M&A typically happens for a couple of reasons. One is market weakness, where the strong buy up the weak at fire-sale prices for assets and to clear out any lingering competition. That clearly isn’t the case here, particularly with the prices being paid or offered. The second involves growth opportunity, where premiums are paid for companies based on the assumption that there are giant new market opportunities ahead. Google is famous for paying exorbitant sums of money for companies and research, and Facebook isn’t far behind, which have made them the darlings of banks, analysts, and business and engineering school graduates.

This kind of exuberance hasn’t been seen in semiconductors for many years. But times are changing, and they’re changing rather quickly and with massive implications everywhere.

What’s driving a lot of this is the IoT, IIoT, IoE, or whatever label people are applying to it these days. The ability to connect devices together everywhere, whether it’s just within a single market—cars to cars, for example—or whether it’s across markets, such as controlling a machine with a smart phone—is a bonanza for electronics companies. In fact, it may be the largest opportunity in history, because it cuts across political boundaries, across vertical markets, and it creates new opportunities and entire businesses that never existed before.

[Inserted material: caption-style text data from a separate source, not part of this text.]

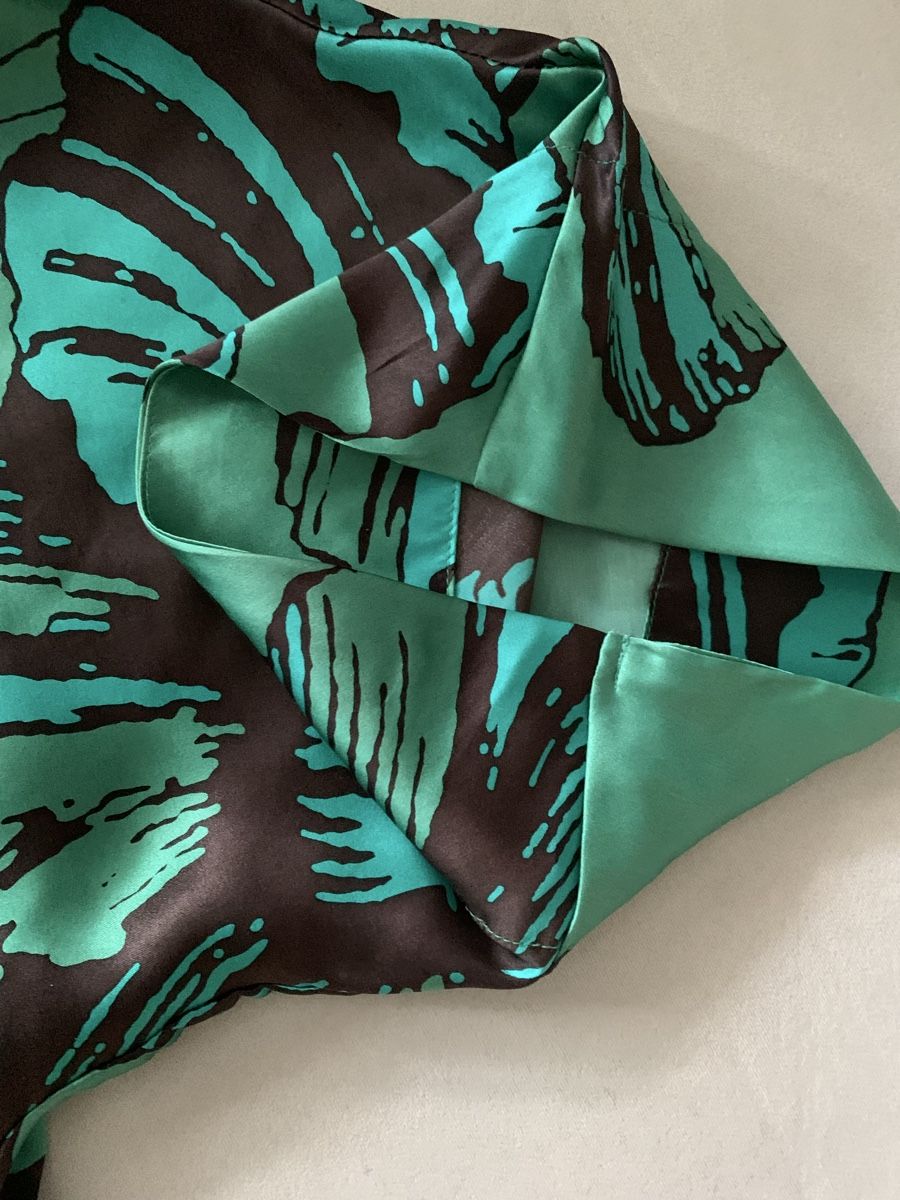 Robes: Hale Bob Kleid – D'occasion à Bergdietikon par zor_856j 7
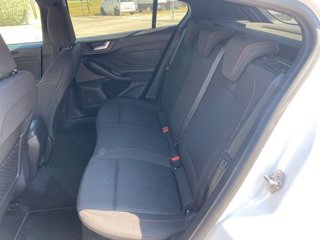 FORD Focus 1.5 EcoBlue 120 CV 5p. ST-Line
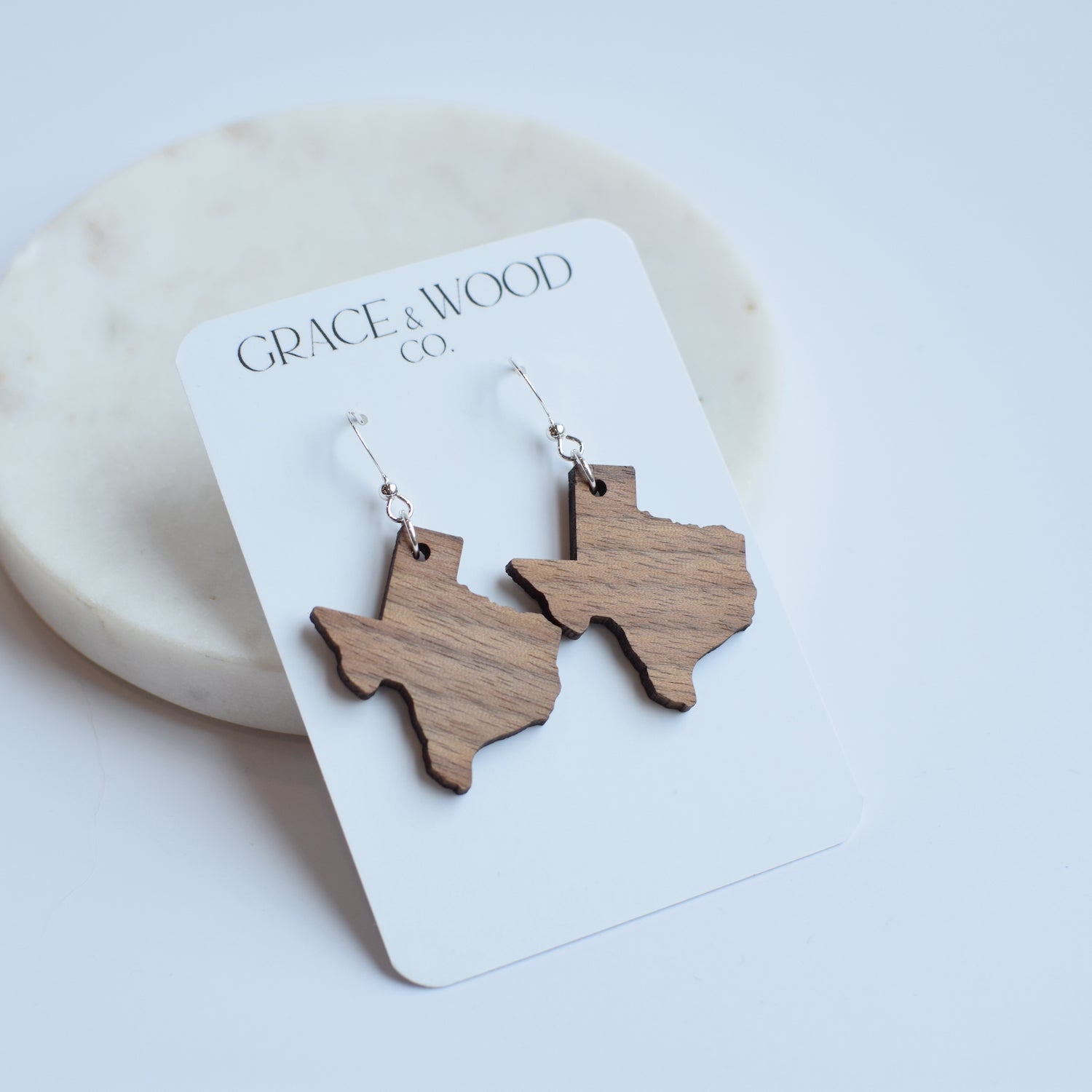 Texas Dangles - Grace and Wood Co.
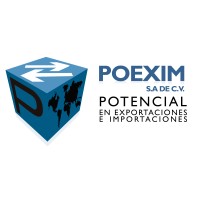 POEXIM SA de CV logo - Similar company to Logava Logistics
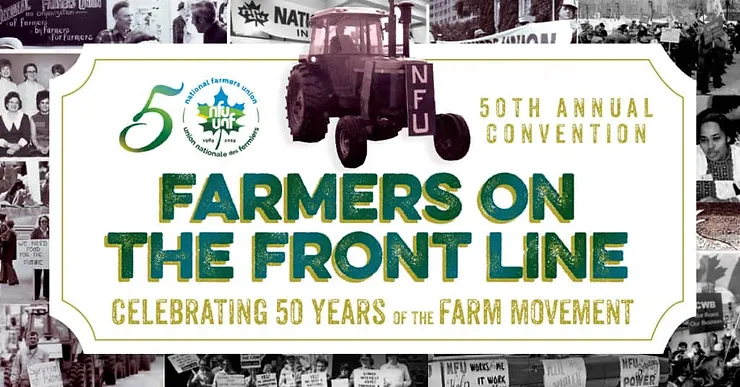 2019 National Convention – November 24-27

But it doesn’t create opportunities everywhere equally. If Intel buys an FPGA player—regardless of which of the big ones it ultimately grabs—it will have a pair of standard products that can support Moore’s Law and fund feature shrinks in its foundry business at least through the next decade. And with Apple’s business, it appears Samsung will do the same, with GlobalFoundries playing second source on that plus AMD’s business.

But it also could push the remaining foundry players—TSMC, UMC, ST and SMIC—in entirely different directions. It may cost less to invest in stacked die and packaging technologies than to invest heavily at the front end of Moore’s Law, with planar FD-SOI as the end goal. Or, it may be the reverse, propelling everyone to focus on Moore’s Law, particularly if EUV or some other lithography technique proves itself, rather than focus on new packaging options.

The acquisitions under discussion and the investment sums being discussed—in China’s case, it is estimated to be more than $50 billion over time, not just the current $19 billion fund—all have the power to reshape the entire semiconductor industry. That means processes, tools and equipment all the way out to who does business with whom and who the power brokers are within those businesses. We are witnessing the beginnings of what perhaps will the biggest upheaval in economics since the invention of the transistor, and so far no one has a clear picture of what that will look like when all the dust settles.